To begin, we need to understand the basic method for positional indexing, iloc[]. This method allows us to select data from a DataFrame by integer location only.

Let's consider a DataFrame df with 5 rows and 3 columns:

import pandas as pd
import numpy as np

data = np.array([['', 'Col1', 'Col2', 'Col3'],
['Row1', 1, 2, 3],
['Row2', 4, 5, 6],
['Row3', 7, 8, 9],
['Row4', 10, 11, 12],
['Row5', 13, 14, 15]])

df = pd.DataFrame(data=data[1:,1:],
index=data[1:,0],
columns=data[0,1:])

To select the value at the first row and first column:

df.iloc[0, 0]

This will return: 1

Slicing

You can also use slicing when selecting data. For instance:

df.iloc[0:3, 0:2]

This will return the first three rows and the first two columns.

Selecting a Single Column

To select a single column, you simply leave out the row index:

df.iloc[:, 0]

This will return the first column of the DataFrame.

Selecting a Single Row

Alternatively, to select a single row, you can leave out the column index:

df.iloc[1]

This will return the second row of the DataFrame.
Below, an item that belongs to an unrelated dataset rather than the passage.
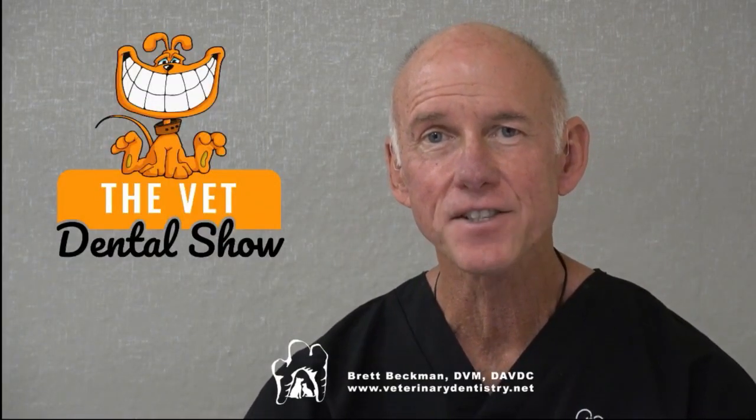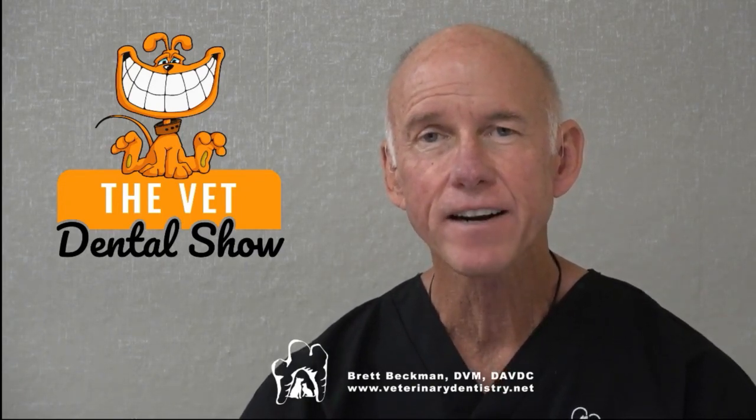Welcome to the Vet Dental Show. I'm Brett Beckman. I'm a board-certified veterinary dentist and I come to you every Wednesday bringing insights in veterinary dentistry to the veterinary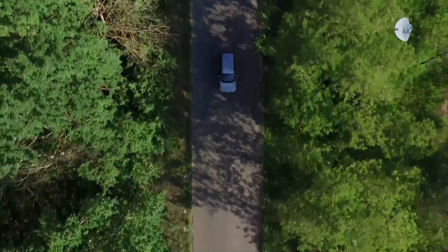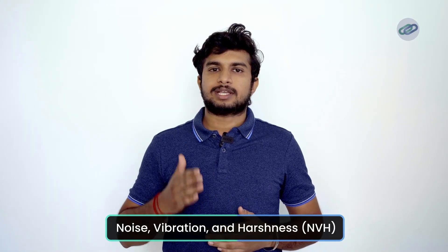Hey everyone, have you ever noticed that some cars are quieter and smoother than the others? That's due to NVH, which is noise, vibration and harshness. But what exactly causes NVH and how do engineers minimize it to improve your driving experience?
Selecting Multiple Rows and Columns

You can select multiple rows and columns by passing multiple index values. For example:

df.iloc[[0, 2, 4], [1, 2]]

This will return the first, third, and fifth rows, and the second and third columns.

Boolean Indexing with iloc

iloc also supports boolean indexing. However, it requires a boolean array with the same length as the index. For example:

df.iloc[[True, False, True, False, True]]

This will return the first, third, and fifth rows.

Conclusion

The iloc method provides a flexible and powerful way to index and select data based on its position within the DataFrame. It's a fundamental tool for data manipulation in pandas, and understanding how to use it effectively can greatly speed up your data analysis process.